Adolfo Murillo came to the United States six years ago, bringing only his visa, a pair of shoes, a Nike shoebox full of socks—and a lot of hope.

“The American dream was possible,” said Murillo, who was born in Rome and later moved to Mexico City.
He began building his life in the United States, working at a Cedar Rapids auto dealership and renting a house for his family. Paying more than $1,200 a month in rent, Murillo was ready to work toward another American dream: homeownership. But he didn’t know how to get there without credit.

“Our culture believes strongly in paying your stuff off, so I had no debt.

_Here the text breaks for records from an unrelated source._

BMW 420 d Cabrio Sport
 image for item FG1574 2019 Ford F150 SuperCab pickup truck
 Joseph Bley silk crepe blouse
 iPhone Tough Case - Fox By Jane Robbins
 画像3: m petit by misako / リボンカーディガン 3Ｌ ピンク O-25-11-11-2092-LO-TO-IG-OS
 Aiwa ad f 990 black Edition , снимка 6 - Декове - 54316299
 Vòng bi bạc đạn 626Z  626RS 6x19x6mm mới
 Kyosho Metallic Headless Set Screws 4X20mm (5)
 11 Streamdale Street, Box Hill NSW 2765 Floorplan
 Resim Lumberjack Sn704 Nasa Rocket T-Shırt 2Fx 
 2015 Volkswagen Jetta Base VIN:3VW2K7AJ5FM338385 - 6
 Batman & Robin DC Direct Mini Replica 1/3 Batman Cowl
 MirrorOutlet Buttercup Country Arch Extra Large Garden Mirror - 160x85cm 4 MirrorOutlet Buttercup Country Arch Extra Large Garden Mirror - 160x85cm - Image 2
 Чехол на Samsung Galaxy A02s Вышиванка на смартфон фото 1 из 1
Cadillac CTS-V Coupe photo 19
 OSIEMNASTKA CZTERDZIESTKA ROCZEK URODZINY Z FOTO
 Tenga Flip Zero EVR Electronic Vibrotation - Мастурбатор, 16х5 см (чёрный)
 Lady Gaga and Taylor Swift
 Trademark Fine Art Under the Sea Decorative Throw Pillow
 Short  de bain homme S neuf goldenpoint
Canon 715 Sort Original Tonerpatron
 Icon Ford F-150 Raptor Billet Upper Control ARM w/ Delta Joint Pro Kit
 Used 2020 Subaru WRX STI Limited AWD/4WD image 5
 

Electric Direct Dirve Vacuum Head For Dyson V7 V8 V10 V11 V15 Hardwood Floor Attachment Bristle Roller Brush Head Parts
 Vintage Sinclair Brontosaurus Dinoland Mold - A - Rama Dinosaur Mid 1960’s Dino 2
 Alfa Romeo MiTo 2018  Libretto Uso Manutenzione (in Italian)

But I had no credit,” Murillo said.

His coworkers encouraged him to reach out to Dupaco’s Sylvia Miller. When they met in February, Miller said he needed to first build his credit. She explained how credit works and helped him open checking and savings accounts, a Dupaco Visa credit card and a small personal loan.

Murillo did everything Miller asked of him, and by fall his credit score had skyrocketed—jumping from 0 to 669. He was ready to buy his first house.

“He was doing everything we are all doing—he earned his money, paid his taxes, sent his kids to school. He just needed somebody to say, ‘You’re worth it,’” Miller said. “I told him, ‘I’m not giving up on you.’”

Murillo, his girlfriend and his two daughters moved into their Anamosa house in September. Their family has since grown by two huskies, which his girls had long wanted.

“It’s the most beautiful house on the planet,” Murillo said. “The feeling of owning a house, there is nothing like that feeling.”